The density of the manufactured CFRP honeycomb mirrors was measured to be 309.45 kgm-3 (3.71 kgm-2), keeping the system within the mass budget. Mechanical testing backed up with FEM indicates that the Young’s modulus of the skins is 100 GPa and the honeycomb core 100 MPa.
Honeycomb mirrors of this format are a promising technology for future lightweight mirror applications. Recent work on similar CFRP honeycomb structures  has demonstrated improved optical tolerances, however more research is required to bring the mirrors within optical specifications.
Lightweighted Aluminium Mirrors
In general, metal mirrors are relatively inexpensive in terms of material costs, have well defined properties and can be manufactured rapidly. Beryllium is superior in its mechanical and thermal properties but is hazardous to work with. Magnesium is also a good material due to its machinability and low density but is susceptible to corrosion. On this basis aluminium alloy was chosen for further development in this project. As for the CFRP mirrors, three constructs were investigated: open-backed waffle design, honeycomb sandwich and thin-plate mirror. All three designs were taken to the manufacturing stage, the waffle-back and thin-plate mirror are shown in Fig. 3. The primary aim was to reduce mass whilst retaining as much stiffness as possible.
The waffle-back mirror was machined from a solid billet of material. The lightweighting in the rear of the mirror and the approximate curvature of the front were produced using conventional machining techniques. The front surface was then diamond turned, supported by three mounts on the rear and the pockets filled with wax to reduce tool chatter. The properties of the waffle-back aluminium mirror are summarised in Table 1. The waffle-back mirror was tested whilst still attached to its machining mount and then in a “free” state. While mounted a pocket print-through effect was measurable on the surface, however this effect disappears when removed from the machine mount. The surface form error increases from 100 nm to 350 nm RMS on release from the mount; a trefoil distortion is observed due to residual stresses caused by the 3-point support during manufacturing. Finite element models have been constructed to better understand the stresses experienced by the mirror during manufacturing and an improved mounting structure is envisioned for future work.
Properties of the aluminium waffle backed mirror
|Overall shape and size||Hexagonal form, 105mm across flats, 13mm thick (at outer edges).|
|Front surface||3m radius of curvature, ∅100mm diameter, face sheet thickness 1.5mm|
|Rear surface||Flat surface with pattern of equilateral triangular lightweighting pockets (side length 15mm, wall thickness 0.5mm). Edge 0.8mm thick.|
|Mounting points||Tapped holes (M3) at vertices of lightweighting pockets, 120° apart on 60mm PCD (on lines joining centre to vertices of hexagonal profile).|
|Material||Aluminium alloy grade 6082|
|Mass||85g (8.9kg/m2, 74% weight relief)|
The aluminium honeycomb and thin plate mirror exhibit better surface roughness than the waffle-back mirror but both have a poorer form error. Both these mirrors utilise a different alloy (Al RSA6061-T651) than the waffle-back, better suited to diamond turning and is the alloy of choice for future work.
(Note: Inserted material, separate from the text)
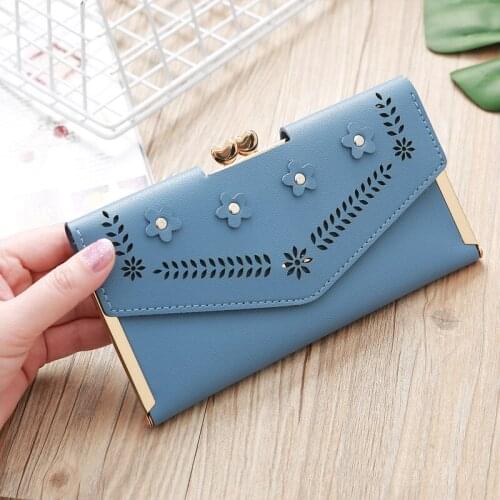 Rivet Flower Hasp Wallet Billfold Women Phone Case Card Bags Coin Pocket Change Purse Credit Bank ID Card Holders Hand Bag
DEPLOYMENT AND ACTIVE CONTROL
The mirror must be folded to fit inside a small launch vehicle (e.g. ROKOT with cargo bay diameter ~2.1 m). During launch the petals are folded and locked in position as shown in Fig. 4; three petals fold upwards and are locked to each other whilst the other three fold downwards and are locked to the sides of the spacecraft. After launch the locks are released and the petals moved into position using the deployment mechanisms (one per petal). The petal deployment mechanism must be capable of certain level of accuracy so that any remaining misalignments of the petals are within adjustment range of the actuators.
Various types of launch locks were considered in the trade-off, two types are currently envisioned for this mission: the first is the MHRM (multipurpose hold and release mechanism) by Dutch aerospace, these will be used to lock the petals at their tips; the second is a pin puller positioned near the hinge to improve stowed stiffness and reduce the loads transmitted through the bearings during launch.
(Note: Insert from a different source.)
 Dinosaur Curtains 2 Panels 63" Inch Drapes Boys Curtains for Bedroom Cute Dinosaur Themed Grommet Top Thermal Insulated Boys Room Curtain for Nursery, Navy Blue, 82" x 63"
For the petal deployment three types of mechanism appear to be the most promising:
• Elastic memory composite hinge (EMCH)
• Stepper motor
• Tape spring roller hinge (TSRH)
On further investigation considering mass, accuracy of deployed position and heritage, a stepper motor with a harmonic drive gear box was selected. A conceptual design is illustrated in Fig. 5. This allows an accurate control of the angular position of the petal.
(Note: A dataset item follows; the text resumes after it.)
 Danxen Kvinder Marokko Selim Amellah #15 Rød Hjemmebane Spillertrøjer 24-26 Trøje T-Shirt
A number of different types of actuator were identified as potential candidates for the DIAL mission; the most promising appears to be the piezo driven “Squiggle motor” . The squiggle motor is essentially a threaded rod passing through an elongated nut the faces to which piezo ceramics have been bonded. The piezos are driven so causing the nut to vibrate in a manner that drives the thread through it. The threaded rod is not directly attached to the load and a pre-load is required for correct operation. Tests would be required to confirm reliability under vacuum conditions.
The benefits of this type of device are its relatively high actuation force, low mass and the ability to hold position when unpowered. To satisfy the mode of operation that the actuator needs to perform in requires the squiggle motor to be mounted in a mechanism such as that illustrated in Fig. 6. The mechanism acts to magnify the output force which may be required if very stiff mirror panels are used, the consequence of this is a scaled-down displacement which provides a greater positional accuracy. It also provides a non-rotating contact point to couple to the mirror and if needed could be locked in its mid-point slider position to ensure that launch loads are not carried by the Squiggle motor. The connection between this and the mirror is a design in progress and if needed could incorporate a release mechanism for failure-mode operation.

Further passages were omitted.